Starting my thesis journey felt a lot like stepping into a massive, unfamiliar jungle — exciting but also terrifying.
I knew from the beginning that I wanted to do something with computer vision .
But computer vision is such a vast ocean: detection, segmentation, classification, enhancement — where do you even begin?
At first, I did what most people do: I read. I read papers like they were treasure maps, each promising a path toward some “undiscovered land” of innovation.
But the deeper I went, the more I realized: everything felt taken .
Every idea I thought about seemed to already have five papers, a GitHub repo, and a full-fledged competition around it.
There were moments when I genuinely wondered:
“Am I even capable of finding a gap?”
At one point, I even started doubting the process.

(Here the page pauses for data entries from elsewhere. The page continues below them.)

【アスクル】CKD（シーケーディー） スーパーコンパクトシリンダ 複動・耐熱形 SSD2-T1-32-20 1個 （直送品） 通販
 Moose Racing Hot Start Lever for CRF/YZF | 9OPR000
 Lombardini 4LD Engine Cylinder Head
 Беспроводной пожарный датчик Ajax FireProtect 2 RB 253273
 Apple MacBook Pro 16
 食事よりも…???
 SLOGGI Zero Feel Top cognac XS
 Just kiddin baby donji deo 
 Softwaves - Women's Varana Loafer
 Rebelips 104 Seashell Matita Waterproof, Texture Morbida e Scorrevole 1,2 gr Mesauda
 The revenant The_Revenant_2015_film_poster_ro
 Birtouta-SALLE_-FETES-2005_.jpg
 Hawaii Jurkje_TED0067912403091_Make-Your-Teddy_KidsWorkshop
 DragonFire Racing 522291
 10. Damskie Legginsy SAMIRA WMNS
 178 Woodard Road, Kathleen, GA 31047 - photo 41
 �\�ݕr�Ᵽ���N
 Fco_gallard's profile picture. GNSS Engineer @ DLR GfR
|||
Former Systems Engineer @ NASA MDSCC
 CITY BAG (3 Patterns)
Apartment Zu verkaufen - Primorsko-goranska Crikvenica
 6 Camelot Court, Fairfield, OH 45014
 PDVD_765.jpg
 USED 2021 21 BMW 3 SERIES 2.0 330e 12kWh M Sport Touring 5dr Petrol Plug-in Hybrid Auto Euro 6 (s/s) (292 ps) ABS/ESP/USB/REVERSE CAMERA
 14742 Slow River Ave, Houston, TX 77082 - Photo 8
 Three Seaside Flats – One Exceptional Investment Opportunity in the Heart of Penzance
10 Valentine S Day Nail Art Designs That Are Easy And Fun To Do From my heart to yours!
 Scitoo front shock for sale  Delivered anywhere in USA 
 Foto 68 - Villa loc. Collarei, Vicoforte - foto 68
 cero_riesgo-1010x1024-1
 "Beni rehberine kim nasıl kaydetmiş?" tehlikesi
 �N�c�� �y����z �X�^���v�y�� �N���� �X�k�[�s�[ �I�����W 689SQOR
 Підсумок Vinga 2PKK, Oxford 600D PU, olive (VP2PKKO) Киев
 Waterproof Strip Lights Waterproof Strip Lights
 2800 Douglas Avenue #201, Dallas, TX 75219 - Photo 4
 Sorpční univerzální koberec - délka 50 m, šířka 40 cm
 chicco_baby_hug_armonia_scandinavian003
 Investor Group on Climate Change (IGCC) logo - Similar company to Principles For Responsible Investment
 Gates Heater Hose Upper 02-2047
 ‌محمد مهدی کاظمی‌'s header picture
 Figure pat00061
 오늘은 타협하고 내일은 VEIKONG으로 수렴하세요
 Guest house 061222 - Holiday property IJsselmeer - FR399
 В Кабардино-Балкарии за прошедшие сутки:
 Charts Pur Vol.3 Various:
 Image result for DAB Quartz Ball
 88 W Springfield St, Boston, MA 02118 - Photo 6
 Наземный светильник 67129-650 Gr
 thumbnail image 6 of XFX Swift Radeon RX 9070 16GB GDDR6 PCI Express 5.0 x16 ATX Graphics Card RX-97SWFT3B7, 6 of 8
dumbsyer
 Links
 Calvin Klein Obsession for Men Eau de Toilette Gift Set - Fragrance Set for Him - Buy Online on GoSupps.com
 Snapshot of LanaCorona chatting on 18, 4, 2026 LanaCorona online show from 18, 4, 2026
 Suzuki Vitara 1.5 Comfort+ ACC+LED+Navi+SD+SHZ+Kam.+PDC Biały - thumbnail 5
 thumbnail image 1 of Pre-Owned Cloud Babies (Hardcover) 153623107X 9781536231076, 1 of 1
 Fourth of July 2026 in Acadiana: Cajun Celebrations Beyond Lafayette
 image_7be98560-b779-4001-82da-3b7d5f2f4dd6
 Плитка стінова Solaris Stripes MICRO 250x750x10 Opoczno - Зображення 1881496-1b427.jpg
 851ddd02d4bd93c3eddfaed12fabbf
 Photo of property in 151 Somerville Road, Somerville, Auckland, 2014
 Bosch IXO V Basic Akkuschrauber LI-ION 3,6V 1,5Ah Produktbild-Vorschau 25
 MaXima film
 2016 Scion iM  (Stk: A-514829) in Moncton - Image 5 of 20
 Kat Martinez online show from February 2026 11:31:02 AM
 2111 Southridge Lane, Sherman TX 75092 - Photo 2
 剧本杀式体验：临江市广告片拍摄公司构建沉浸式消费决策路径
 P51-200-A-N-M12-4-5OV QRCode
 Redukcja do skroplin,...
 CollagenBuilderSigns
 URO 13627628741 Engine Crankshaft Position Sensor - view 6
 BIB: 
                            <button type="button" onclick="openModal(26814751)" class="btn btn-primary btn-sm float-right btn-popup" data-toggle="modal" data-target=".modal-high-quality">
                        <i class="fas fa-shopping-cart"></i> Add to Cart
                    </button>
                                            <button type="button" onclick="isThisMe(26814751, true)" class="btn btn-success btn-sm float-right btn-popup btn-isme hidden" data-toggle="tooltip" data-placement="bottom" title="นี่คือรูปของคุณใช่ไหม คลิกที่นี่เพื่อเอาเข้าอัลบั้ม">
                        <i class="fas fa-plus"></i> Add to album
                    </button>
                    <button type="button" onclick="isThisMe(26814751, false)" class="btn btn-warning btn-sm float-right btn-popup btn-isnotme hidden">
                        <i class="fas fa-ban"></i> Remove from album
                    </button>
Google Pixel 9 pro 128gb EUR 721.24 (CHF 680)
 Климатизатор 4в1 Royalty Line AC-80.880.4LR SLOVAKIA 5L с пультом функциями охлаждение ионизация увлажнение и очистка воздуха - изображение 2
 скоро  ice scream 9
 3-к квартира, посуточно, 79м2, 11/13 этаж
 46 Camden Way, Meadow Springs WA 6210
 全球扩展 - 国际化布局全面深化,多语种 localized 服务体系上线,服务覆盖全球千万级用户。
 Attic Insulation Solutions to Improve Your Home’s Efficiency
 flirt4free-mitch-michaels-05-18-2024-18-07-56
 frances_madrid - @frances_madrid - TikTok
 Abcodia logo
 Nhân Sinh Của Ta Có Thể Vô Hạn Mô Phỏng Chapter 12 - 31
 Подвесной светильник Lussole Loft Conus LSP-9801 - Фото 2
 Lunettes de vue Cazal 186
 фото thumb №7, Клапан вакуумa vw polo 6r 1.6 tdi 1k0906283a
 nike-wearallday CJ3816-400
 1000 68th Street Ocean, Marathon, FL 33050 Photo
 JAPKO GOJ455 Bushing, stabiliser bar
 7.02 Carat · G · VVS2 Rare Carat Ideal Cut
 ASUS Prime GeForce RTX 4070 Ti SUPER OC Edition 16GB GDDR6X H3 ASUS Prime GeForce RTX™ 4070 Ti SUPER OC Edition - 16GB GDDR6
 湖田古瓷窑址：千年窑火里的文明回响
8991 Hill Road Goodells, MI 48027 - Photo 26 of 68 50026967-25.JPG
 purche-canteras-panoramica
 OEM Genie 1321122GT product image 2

Maybe “finding a gap” wasn’t about discovering an untouched continent — maybe it was about noticing a small crack in an existing structure.
And that’s when something clicked.
While exploring the area of semantic segmentation , especially for UAV (drone) imagery used in post-disaster scenarios, I noticed a consistent pattern:
Researchers focused heavily on improving accuracy, squeezing out that extra 1–2% on benchmark datasets.
But few people talked seriously about computational efficiency , especially for deployment on edge devices where power, memory, and speed matter.
It wasn’t a grand gap. It wasn’t a revolutionary field.
But it was real .
And sometimes, that’s more than enough.